Collected data: Begin

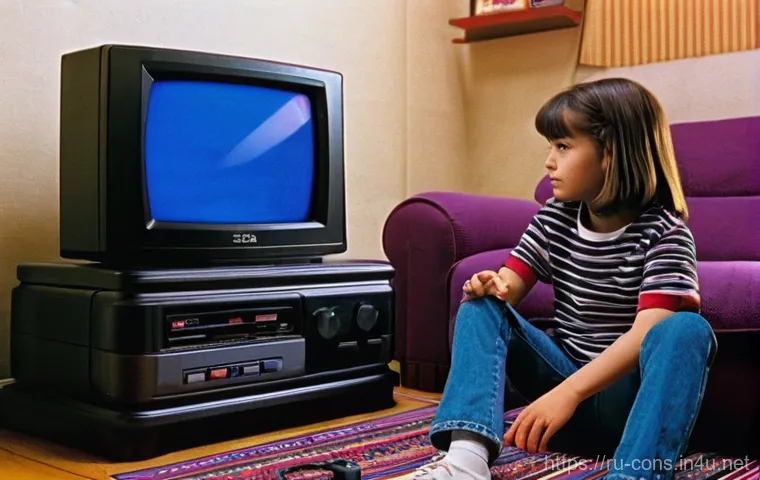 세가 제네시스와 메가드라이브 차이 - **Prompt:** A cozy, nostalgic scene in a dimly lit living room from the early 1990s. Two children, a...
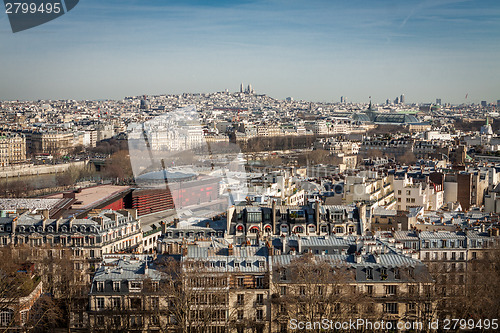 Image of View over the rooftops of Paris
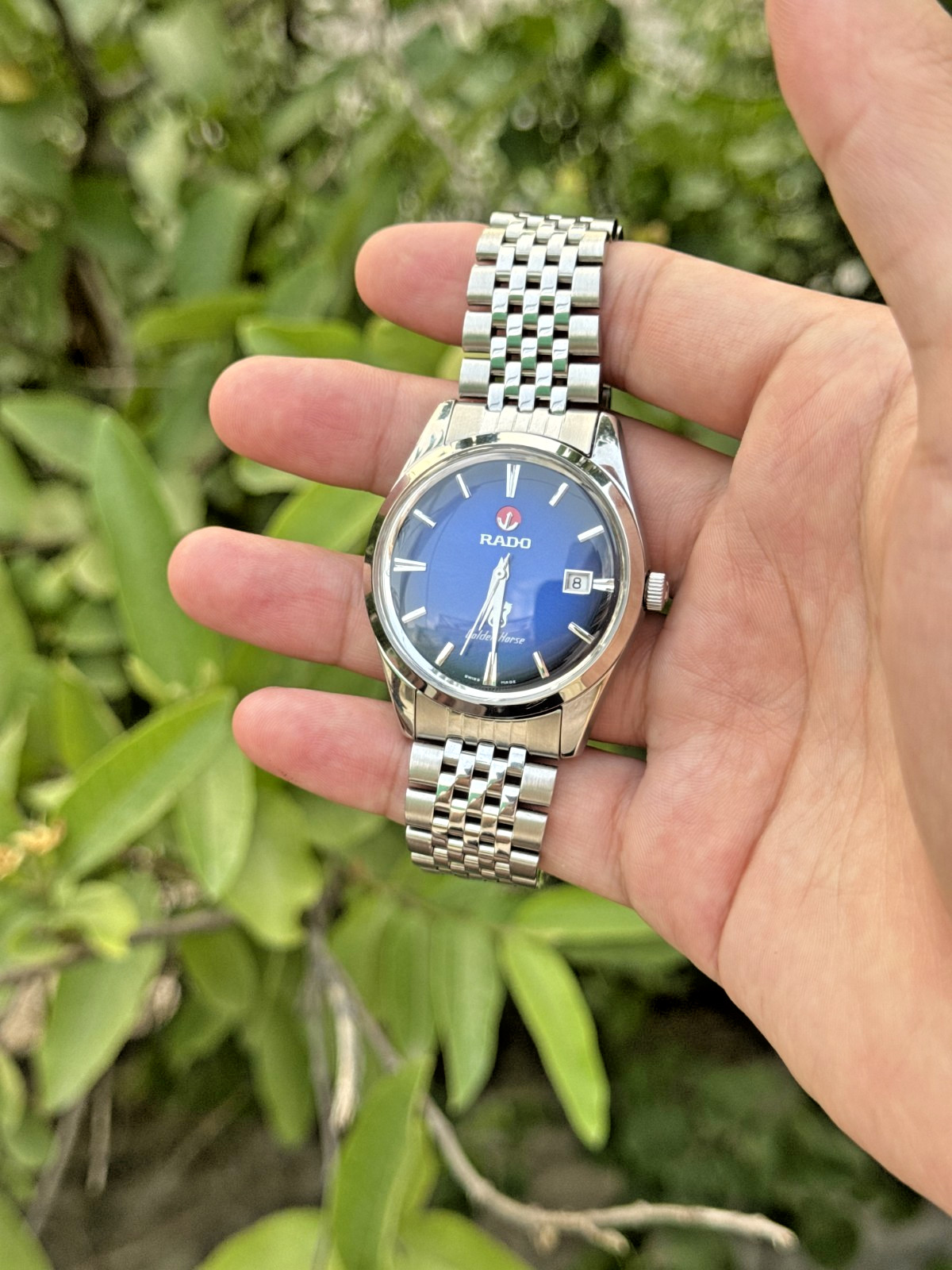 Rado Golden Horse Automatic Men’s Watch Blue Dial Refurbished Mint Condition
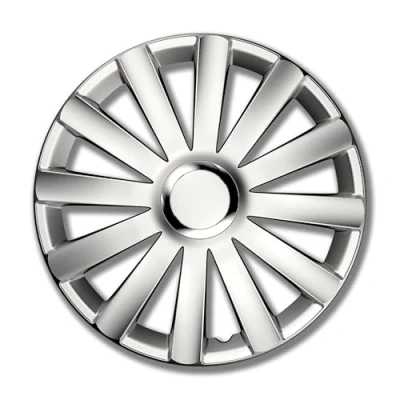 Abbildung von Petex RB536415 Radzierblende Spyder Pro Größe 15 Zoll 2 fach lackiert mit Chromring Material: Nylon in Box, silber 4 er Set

Collected data: End

This task calls for an exact copy of the data above, without pictures.

• Exercise response:
 세가 제네시스와 메가드라이브 차이 - **Prompt:** A cozy, nostalgic scene in a dimly lit living room from the early 1990s. Two children, a...
 Image of View over the rooftops of Paris
 Rado Golden Horse Automatic Men’s Watch Blue Dial Refurbished Mint Condition
 Abbildung von Petex RB536415 Radzierblende Spyder Pro Größe 15 Zoll 2 fach lackiert mit Chromring Material: Nylon in Box, silber 4 er Set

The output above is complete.